CNH GLOBAL N.V.
CORPORATE GOVERNANCE
AND
COMPENSATION COMMITTEE CHARTER
[Excerpt from resolution adopted by the Board of Directors]

WHEREAS

Article 13 of the Articles of Association of the Company confers upon the Board of Directors the power to appoint committees, comprised of Directors of the Company, and to determine their duties and powers;

WHEREAS

On November 12, 1999, the Board of Directors designated the "Nominating and Compensation Committee" and established its charter;

WHEREAS

The Board of Directors now desires to amend and restate the charter of the Nominating and Compensation Committee and rename the committee as set forth in this Resolution of the Board of Directors.

DO HEREBY RESOLVE

  • that the Nominating and Compensation Committee shall be renamed the Corporate Governance and Compensation Committee to better reflect the nature of the responsibilities carried out by the committee and shall constitute the nominating and compensation committee required by Article 13, Section 1 of the Articles of Association of the Company;

  • that for the ensuing year and until further action is taken by the Board of Directors, the Corporate Governance and Compensation Committee be hereby assigned the duties and granted the authority to:

(i) discharge the Board's responsibilities relating to compensation of executive officers and governance matters;

(ii) review and assess adequacy of the charter of the Corporate Governance and Compensation Committee;

(iii) identify possible candidates to serve as independent directors of the Company;

(iv) aid in attracting qualified candidates to serve as independent directors;

(v) review each director's continuation on the board at regular intervals as determined by the Corporate Governance and Compensation Committee;

(vi) assess annually the Board's performance and the performance of the Committees of the Board;

(vii) review, assess and make recommendations to the Board regarding the size and composition of the Board;

(viii) review, assess and make recommendations to the Board regarding corporate governance guidelines including director responsibilities and qualification standards, director access to management and independent advisors, director compensation, director orientation and continuing education and annual performance of the Board and Committees;

(ix) establish the individual total compensation of the executive officers and any other executive or senior officers reporting directly to the Chief Executive Officer of the Company;

(x) approve goals relevant to Chief Executive Officer compensation;

(xi) evaluate the Chief Executive Officer's performance in light of the goals of the Company and the Chief Executive Officer;

(xii) establish base salary ranges and general levels of other compensation components, such as executive perquisites and bonus or incentive awards (including stock option grants, stock awards or other equity-based awards) of the executive personnel of the Company;

(xiii) review the succession plans for the top executives of the Company (currently, the executive committee  members);

(xiv) administer the incentive and deferred compensation benefit plans of the Company, including the Equity Incentive Plan (the "EIP") and all programs under the EIP, and take all action required or deemed desirable to be taken in connection therewith;

(xv) periodically examine the compensation structure of the Company to determine that the Company is  rewarding its executive and other personnel in a manner consistent with sound industrial practices;

(xvi) make recommendations to the Board with respect to incentive compensation plans for executive officers and officers reporting to the Chief Executive Officer and equity-based plans;

(xvii) review, assess and make recommendations to the Board with respect to the code of ethics and conduct  for the Company;

(xviii) establish and review the process for communications by shareholders to the Board;

(xix) review and assess responses to director and officer questionnaires;

(xx) review, assess and make recommendations to the Board regarding standing Board resolutions on delegation of authority;

(xxi) review, assess and make recommendations to the Board regarding the Board and Committee calendars, in consultation with the Chairman of the Board;

(xxii) review and consider approval of any terms and conditions for employment agreements, including the hiring and firing (when involving compensation beyond customary or standard amounts), for executive officers and officers of the Company or its subsidiaries reporting to the Chief Executive Officer; and

(xxiii) recommend to the Board members for the various Committees of the Board.

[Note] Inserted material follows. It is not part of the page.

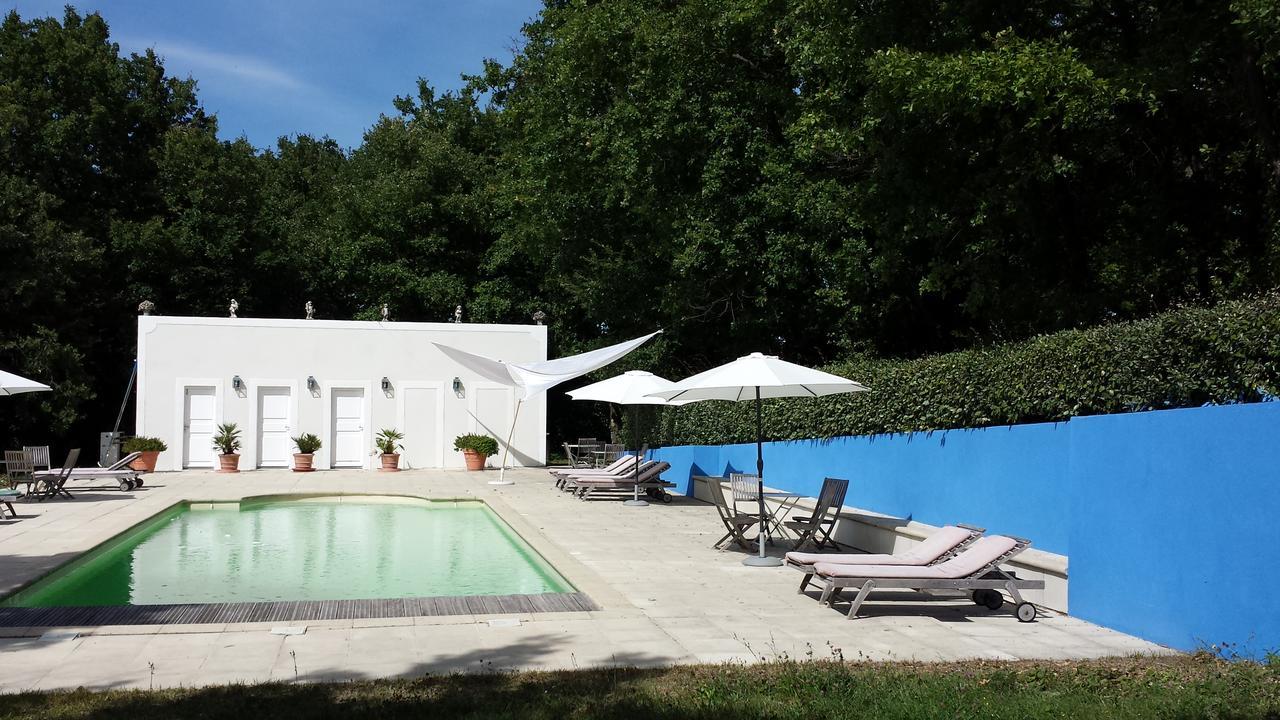 Chateau De Fontblachere Saint-Lager-Bressac Buitenkant foto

  • that in performing its duties and exercising its authority, the Corporate Governance and Compensation Committee may utilize the services of the appropriate personnel of the Company and its subsidiaries and the services of a compensation consultant selected by and under the authority of the Corporate Governance and Compensation Committee;

  • that the Corporate Governance and Compensation Committee shall have the authority to retain and terminate any search firm to be used to identify director candidates, including the authority to approve fees and terms of retention of any such search firm;

  • that the Corporate Governance and Compensation Committee shall be comprised of at least three directors and at least a majority of the members of the Committee shall be independent directors;

  • that a quorum of the Corporate Governance and Compensation Committee shall consist of a majority of the members thereof, and if there is a tie in a vote, the Chairperson of the Corporate Governance and Compensation Committee shall have a casting vote;

  • that the Corporate Governance and Compensation Committee shall meet at such time and place as the Chairperson of the Committee, or in the absence or disability of the Chairperson, a majority of the members of the Committee, shall determine; and

  • that the Corporate Governance and Compensation Committee shall periodically report to the Board.